A recent Islamic conference in Toronto has drawn criticism from B'nai Brith over some of its guest speakers.
In a Dec. 19 press release, B'nai Brith Canada highlighted three speakers who have made anti-Semitic or anti-Zionist comments in the past: Yasir Qadhi, Siraj Wahhaj and Omar Suleiman.
"It is troubling that a major Canadian Muslim conference continues to invite extremist preachers to Canada," Michael Mostyn, the CEO of B'nai Brith Canada, said in the statement. "Surely there are enough qualified moderate Muslim leaders, without a history of extremist messaging, who can be chosen to speak at events such as these."
The annual Islamic conference, called Reviving the Islamic Spirit, ran from Dec. 20-22, 2019. Started in 2001, it has grown to become one of the largest in North America, with more than 20,000 attendees each year. The conference organizers did not return The CJN's request for comment.
Omar Suleiman, a Palestinian imam who works extensively in the humanitarian sector and with interfaith groups, has a history of making anti-Zionist social media posts, including writing on Facebook that "Zionists are the enemies of God," and comparing Israel to Nazi Germany.

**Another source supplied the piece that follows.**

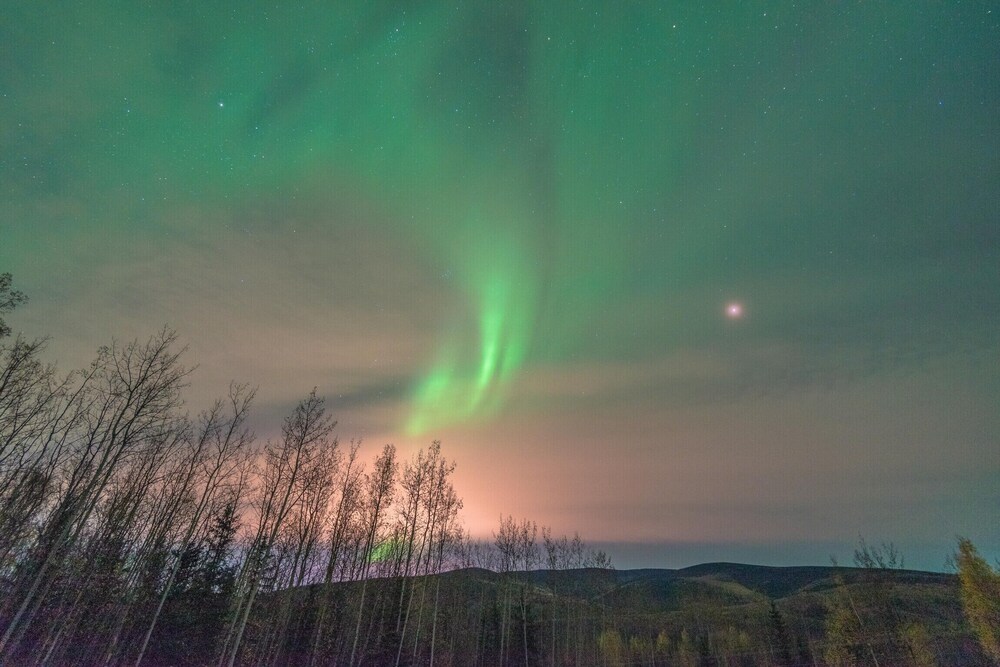 Escape to Birchwood Suite Fairbanks North Star Borough Vrbo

"My parents were displaced Palestinians due to the occupation and ended up meeting in Houston," Suleiman wrote in an op-ed in the Dallas Morning News in May 2019, after a public backlash over his comments. "They were activists, and my late mother wrote poetry about the Palestinian catastrophe. But I was taught early on to not let championing the Palestinian cause descend into anti-Semitism in private or in public."
Yasir Qadhi, a professor and author who was called "one of the most influential conservative clerics in American Islam" by The New York Times Magazine, is a vocal critic of Islamic extremism and was targeted with death threats by Islamic State propaganda in 2016. He was also part of a delegation of eight American imams and rabbis who visited Auschwitz in 2010 and signed a statement denouncing Holocaust denial as contrary to the ethics of Islam.
However, he has also made troubling comments about Jews. In the early 2000s, he repeated misinformation he read about Jews on a website he didn't realize was anti-Semitic; he wrote a public apology in 2008 acknowledging and explaining his mistake. Earlier this year, he gave a talk about a hadith (a passage by the prophet Muhammad), that's widely seen as anti-Semitic, since it calls for a battle at "the end of days," in which Muslims will kill the Jews.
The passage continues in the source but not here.